Exclusive Remedy Clauses and Extra-Contractual Disclaimers

Many thanks to Broc for inviting me to join the blog. I thought I’d use my first post to flag a new case out of Delaware – from the Superior Court, not the Court of Chancery.

In Transched Systems Ltd. v. Versyss Transit Solutions, LLC, 2008 WL 948307 (Del. Super. Ct. Apr. 2, 2008), the court dismissed negligent misrepresentation claims allegedly made by a seller while negotiating an asset purchase agreement.
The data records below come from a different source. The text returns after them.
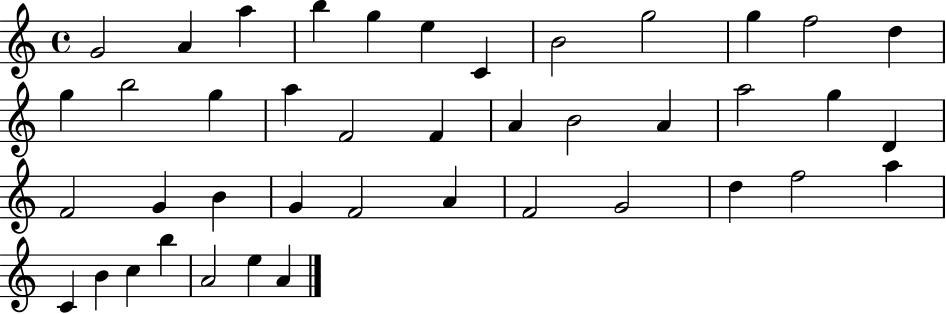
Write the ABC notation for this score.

X:1
T:Untitled
M:4/4
L:1/4
K:C
G2 A a b g e C B2 g2 g f2 d g b2 g a F2 F A B2 A a2 g D F2 G B G F2 A F2 G2 d f2 a C B c b A2 e A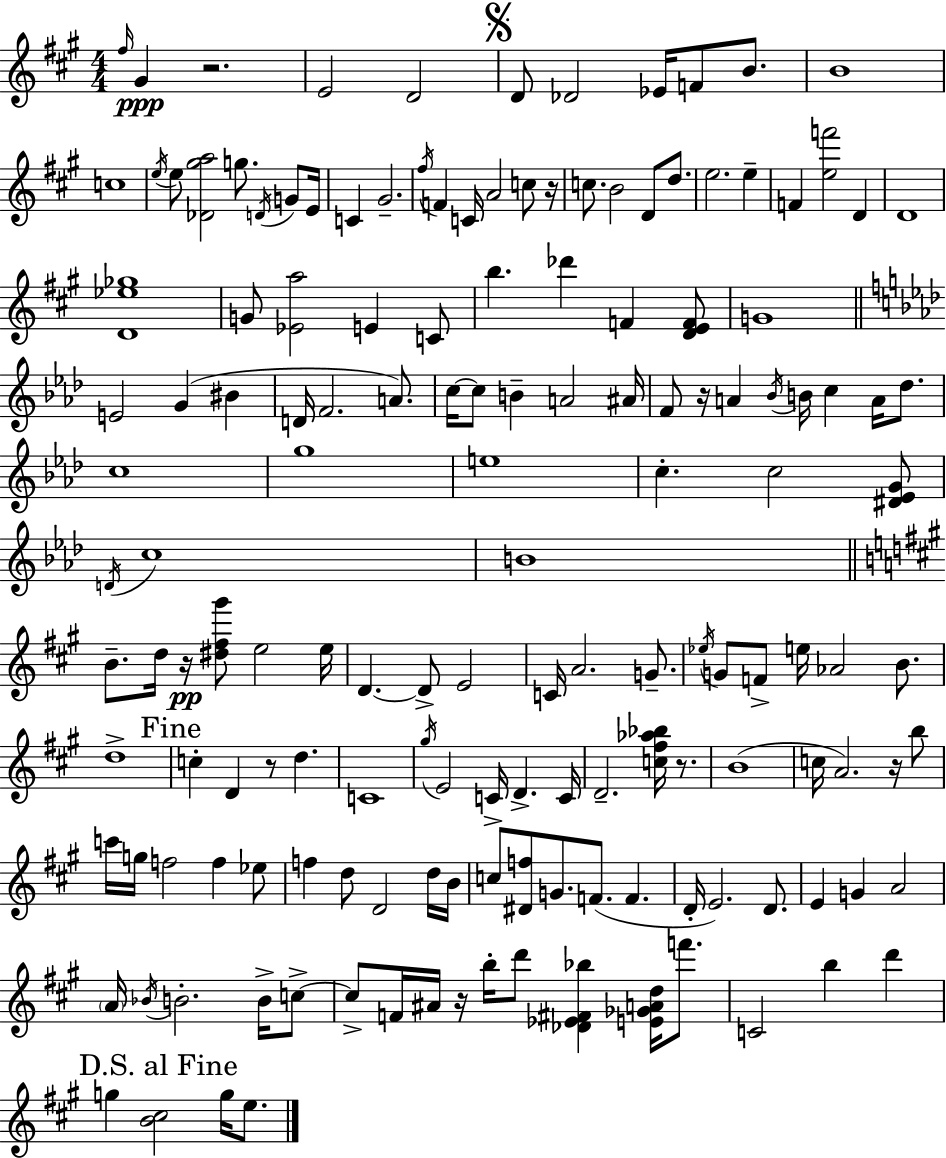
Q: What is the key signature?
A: A major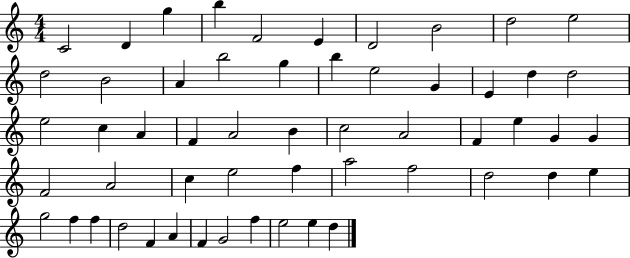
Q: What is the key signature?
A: C major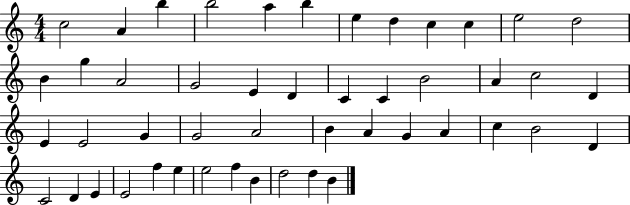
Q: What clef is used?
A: treble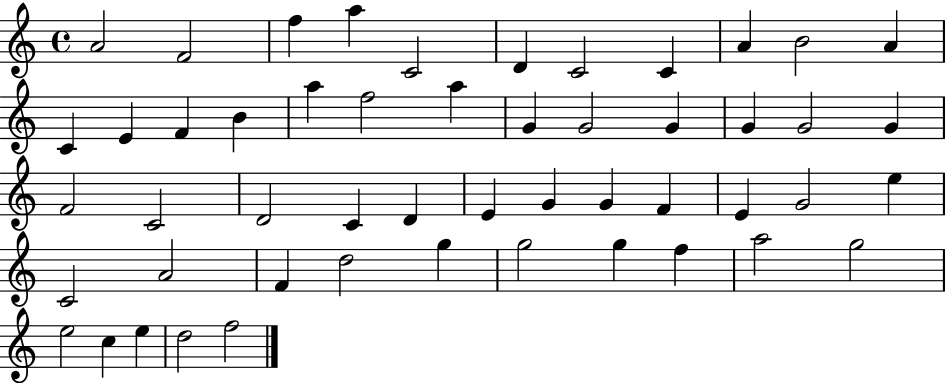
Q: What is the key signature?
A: C major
The court had no trouble dismissing the claim in light of the contract’s exclusive remedy provision:

The foregoing indemnification provisions shall constitute the sole and exclusive remedy for monetary damages in respect of any breach of or default under this Agreement by any Party and each Party hereby waives and releases any and all statutory, equitable, or common law remedy for monetary damages any Party may have in respect of any breach of or default under this Agreement.

The court also relied on an integration clause and the following extra-contractual disclaimer:

Except as expressly set forth [herein], Sellers make no representation or warranty, express or implied, at law or in equity, in respect of any of its assets (including, without limitation, the Acquired Assets), or operations, including, without limitation, with respect to the merchantability or fitness for any particular purpose. Buyer hereby acknowledges and agrees that, except to the extent specifically set forth [herein], Buyer is purchasing the Acquired Assets “as-is, where-is.” Without limiting the generality of the foregoing, Seller makes no representation or warranty regarding any assets other than the Acquired Assets or any liabilities other than the Assumed Liabilities, and none shall be implied at law or in equity.

This case is one of many Delaware decisions blessing specific contract language that can limit a party’s remedies to indemnification (except for fraud). It’s also a good reminder for buyers and sellers of the significance of extra-contractual disclaimers.